What This Looks Like in Practice

 

Consider an organization that wants an agent to handle a process requiring customer account information, such as eligibility determinations or service adjustments. The organization has a mature data warehouse holding years of customer data and concludes, reasonably, that data availability is not a concern. The agent has plenty of data to work with.

A data readiness assessment scoped to this specific decision tells a different and more useful story. The warehouse does hold the data, but it is refreshed nightly, so the agent acting in the morning may be working from yesterday’s account status, which is exactly wrong for a decision that depends on current standing. A meaningful share of customer records have incomplete or inconsistent fields that a human representative would have noticed and worked around, but that the agent treats as authoritative. And the most current information lives in a separate operational system the agent has no real-time path to reach.

None of this means the organization lacks data. It means the data the decision actually requires is not reliable and accessible in the form the agent needs. The remedy is targeted, not total. Rather than launching an enterprise-wide data overhaul, the organization addresses the specific gaps this decision exposes: it establishes a real-time path to the current account status, defines how the agent should handle incomplete records, including when to escalate rather than assume, and sets a reliability threshold matched to the consequence of the decision.
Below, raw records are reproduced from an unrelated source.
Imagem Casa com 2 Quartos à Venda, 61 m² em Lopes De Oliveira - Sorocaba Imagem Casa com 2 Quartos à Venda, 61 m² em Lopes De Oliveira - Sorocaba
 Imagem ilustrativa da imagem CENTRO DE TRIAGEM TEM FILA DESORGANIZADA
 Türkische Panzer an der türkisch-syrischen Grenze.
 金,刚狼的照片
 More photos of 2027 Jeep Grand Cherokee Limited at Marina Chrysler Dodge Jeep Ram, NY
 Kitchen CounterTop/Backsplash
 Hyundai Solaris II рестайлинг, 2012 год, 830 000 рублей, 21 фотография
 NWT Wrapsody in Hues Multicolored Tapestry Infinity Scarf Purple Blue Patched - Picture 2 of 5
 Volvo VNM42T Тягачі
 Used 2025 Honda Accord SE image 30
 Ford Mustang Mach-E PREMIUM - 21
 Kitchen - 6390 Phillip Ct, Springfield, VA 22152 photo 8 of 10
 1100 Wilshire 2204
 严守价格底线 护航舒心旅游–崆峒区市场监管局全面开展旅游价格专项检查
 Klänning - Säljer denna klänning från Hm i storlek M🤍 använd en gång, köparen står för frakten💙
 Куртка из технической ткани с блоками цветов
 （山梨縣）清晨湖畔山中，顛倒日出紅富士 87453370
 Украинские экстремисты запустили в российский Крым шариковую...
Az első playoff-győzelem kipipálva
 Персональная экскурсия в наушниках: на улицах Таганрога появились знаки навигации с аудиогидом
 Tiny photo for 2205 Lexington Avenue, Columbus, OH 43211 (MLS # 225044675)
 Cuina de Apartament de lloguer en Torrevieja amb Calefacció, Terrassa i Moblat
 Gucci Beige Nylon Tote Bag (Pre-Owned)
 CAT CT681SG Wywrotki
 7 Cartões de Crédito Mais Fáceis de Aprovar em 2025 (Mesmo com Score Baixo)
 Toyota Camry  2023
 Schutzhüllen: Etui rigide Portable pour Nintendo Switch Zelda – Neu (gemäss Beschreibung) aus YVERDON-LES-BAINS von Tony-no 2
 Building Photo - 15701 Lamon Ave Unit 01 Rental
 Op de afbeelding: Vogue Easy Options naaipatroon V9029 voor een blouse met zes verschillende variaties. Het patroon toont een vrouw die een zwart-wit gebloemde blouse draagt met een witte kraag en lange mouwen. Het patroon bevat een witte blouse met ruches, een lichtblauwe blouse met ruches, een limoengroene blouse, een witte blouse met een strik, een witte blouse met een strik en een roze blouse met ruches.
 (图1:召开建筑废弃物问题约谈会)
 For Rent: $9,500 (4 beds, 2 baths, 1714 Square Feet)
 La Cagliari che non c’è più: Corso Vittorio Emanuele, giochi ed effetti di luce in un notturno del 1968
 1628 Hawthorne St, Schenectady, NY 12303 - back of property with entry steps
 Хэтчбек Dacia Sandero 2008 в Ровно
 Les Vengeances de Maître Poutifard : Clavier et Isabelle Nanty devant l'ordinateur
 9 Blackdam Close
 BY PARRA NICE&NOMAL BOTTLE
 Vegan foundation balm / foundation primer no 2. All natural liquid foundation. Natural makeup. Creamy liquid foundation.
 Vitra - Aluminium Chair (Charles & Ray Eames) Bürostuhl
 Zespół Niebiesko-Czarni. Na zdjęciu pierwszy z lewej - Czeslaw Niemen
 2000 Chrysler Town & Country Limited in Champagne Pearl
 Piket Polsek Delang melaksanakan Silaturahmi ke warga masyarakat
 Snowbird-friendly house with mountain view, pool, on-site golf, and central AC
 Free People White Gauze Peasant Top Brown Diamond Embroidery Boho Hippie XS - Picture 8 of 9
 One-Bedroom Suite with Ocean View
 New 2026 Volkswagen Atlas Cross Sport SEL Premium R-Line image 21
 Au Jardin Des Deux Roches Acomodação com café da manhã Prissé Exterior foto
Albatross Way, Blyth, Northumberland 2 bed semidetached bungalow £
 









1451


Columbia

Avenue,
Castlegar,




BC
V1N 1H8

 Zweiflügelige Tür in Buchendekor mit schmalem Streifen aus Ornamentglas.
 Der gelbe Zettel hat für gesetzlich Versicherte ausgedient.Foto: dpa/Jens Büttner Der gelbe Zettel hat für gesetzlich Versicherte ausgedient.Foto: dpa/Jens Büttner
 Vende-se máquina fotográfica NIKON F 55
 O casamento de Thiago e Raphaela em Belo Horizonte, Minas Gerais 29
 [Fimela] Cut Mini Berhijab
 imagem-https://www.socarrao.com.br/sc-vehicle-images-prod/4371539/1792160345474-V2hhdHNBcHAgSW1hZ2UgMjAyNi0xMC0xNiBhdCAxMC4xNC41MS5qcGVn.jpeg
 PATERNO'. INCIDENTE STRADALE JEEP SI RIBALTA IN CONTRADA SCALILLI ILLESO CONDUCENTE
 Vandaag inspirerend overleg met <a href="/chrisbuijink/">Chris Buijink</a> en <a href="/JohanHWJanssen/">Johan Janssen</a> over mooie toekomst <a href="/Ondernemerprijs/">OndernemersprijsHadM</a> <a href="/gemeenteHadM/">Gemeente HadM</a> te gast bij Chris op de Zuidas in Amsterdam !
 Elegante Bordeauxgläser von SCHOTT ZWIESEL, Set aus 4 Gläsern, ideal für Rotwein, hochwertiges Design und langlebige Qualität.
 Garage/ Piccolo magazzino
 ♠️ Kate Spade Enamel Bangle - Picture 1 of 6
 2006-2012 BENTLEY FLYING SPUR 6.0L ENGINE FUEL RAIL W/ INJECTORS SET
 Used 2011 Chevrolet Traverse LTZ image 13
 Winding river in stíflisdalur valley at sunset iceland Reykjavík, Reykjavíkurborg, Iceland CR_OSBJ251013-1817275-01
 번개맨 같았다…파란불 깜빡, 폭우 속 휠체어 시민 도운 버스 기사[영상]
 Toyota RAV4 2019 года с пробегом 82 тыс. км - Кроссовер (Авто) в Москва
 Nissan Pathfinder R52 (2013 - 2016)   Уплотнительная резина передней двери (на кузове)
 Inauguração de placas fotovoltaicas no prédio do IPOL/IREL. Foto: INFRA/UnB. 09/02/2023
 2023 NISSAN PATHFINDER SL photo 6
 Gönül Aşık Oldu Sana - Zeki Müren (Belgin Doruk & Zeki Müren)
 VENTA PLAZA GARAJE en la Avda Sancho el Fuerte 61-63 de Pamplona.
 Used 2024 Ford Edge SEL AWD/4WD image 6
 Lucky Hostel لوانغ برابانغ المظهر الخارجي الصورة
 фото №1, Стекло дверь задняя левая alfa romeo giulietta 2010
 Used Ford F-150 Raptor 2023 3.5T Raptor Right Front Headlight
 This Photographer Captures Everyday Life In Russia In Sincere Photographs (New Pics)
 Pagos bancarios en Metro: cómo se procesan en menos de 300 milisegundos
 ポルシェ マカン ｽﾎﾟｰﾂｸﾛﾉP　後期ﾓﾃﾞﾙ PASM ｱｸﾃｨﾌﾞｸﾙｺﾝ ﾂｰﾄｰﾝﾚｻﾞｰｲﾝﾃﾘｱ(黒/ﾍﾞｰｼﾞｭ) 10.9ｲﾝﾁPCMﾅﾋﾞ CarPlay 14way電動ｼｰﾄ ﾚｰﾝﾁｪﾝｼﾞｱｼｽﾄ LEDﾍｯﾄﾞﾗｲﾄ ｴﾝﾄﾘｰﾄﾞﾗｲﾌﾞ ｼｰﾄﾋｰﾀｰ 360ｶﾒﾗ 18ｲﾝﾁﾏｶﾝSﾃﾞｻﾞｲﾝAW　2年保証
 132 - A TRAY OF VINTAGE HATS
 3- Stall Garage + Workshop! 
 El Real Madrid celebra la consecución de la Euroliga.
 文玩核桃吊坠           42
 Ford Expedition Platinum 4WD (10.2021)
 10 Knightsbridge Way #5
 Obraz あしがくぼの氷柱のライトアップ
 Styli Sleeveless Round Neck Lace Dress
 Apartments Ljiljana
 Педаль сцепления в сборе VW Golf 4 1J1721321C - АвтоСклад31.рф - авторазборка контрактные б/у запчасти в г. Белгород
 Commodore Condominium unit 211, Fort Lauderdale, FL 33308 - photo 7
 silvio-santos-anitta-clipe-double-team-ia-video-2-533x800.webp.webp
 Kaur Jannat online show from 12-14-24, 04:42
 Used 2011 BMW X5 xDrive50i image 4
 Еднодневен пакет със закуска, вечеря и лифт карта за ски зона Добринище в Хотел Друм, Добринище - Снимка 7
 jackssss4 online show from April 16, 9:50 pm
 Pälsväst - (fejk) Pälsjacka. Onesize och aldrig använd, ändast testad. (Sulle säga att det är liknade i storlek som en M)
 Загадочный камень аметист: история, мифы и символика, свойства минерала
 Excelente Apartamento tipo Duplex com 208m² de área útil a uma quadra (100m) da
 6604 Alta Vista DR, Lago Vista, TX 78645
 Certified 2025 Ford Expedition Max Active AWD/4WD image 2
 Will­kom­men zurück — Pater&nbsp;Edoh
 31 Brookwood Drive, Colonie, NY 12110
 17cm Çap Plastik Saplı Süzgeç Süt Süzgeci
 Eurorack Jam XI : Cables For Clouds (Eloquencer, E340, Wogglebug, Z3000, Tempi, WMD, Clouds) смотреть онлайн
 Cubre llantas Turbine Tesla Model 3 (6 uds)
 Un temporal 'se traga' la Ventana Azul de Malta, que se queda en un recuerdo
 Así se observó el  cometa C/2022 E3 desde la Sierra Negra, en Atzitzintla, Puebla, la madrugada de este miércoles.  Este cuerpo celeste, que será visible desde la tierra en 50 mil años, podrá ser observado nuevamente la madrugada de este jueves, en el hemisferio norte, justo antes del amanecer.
The data estate did not need to be bigger. The data behind this one decision needed to be trustworthy and reachable.

From the agent’s perspective, unreachable data and nonexistent data are the same thing. Accessibility at the moment of decision is the real test.

The Synthesis: Data Readiness as Compounding Infrastructure

 

The most important shift this concept asks of leadership is to stop treating data readiness as a per-project cost and start treating it as enterprise infrastructure. Unlike a pilot, which is consumed and gone, reliable and accessible data is a shared asset. Every integration you build to reach a system, every reliability threshold you define, every data-quality fix you make for one agent accelerates the next. Data readiness compounds. The work done for the first use case lowers the cost and shortens the timeline for the second, and the program builds an asset rather than repeatedly paying a toll.

That compounding logic is also what makes a staged, use-case-driven approach the right one, even for organizations with significant legacy constraints. You do not need to modernize everything before you can begin. You prioritize the specific data each target use case requires, build the access and reliability that decision needs, and let modernization proceed on its own timeline while value is already being realized. Establishing the data readiness an agent actually depends on is a core part of the work in Inteq’s Agentic AI Consulting practice, and defining the data an agent must access, and to what standard, is part of the requirements discipline taught in our Analyzing & Specifying AI Agent Business Requirements course.

The question to carry forward is not whether your organization has enough data for agentic AI. It almost certainly does. The question is whether the specific data behind each decision you intend to automate is reliable enough to act on and reachable at the moment of action. Answer that honestly, decision by decision, and you will invest where it matters, protect the program from its most common silent failure, and build a data foundation that makes every future agent easier to deploy than the last.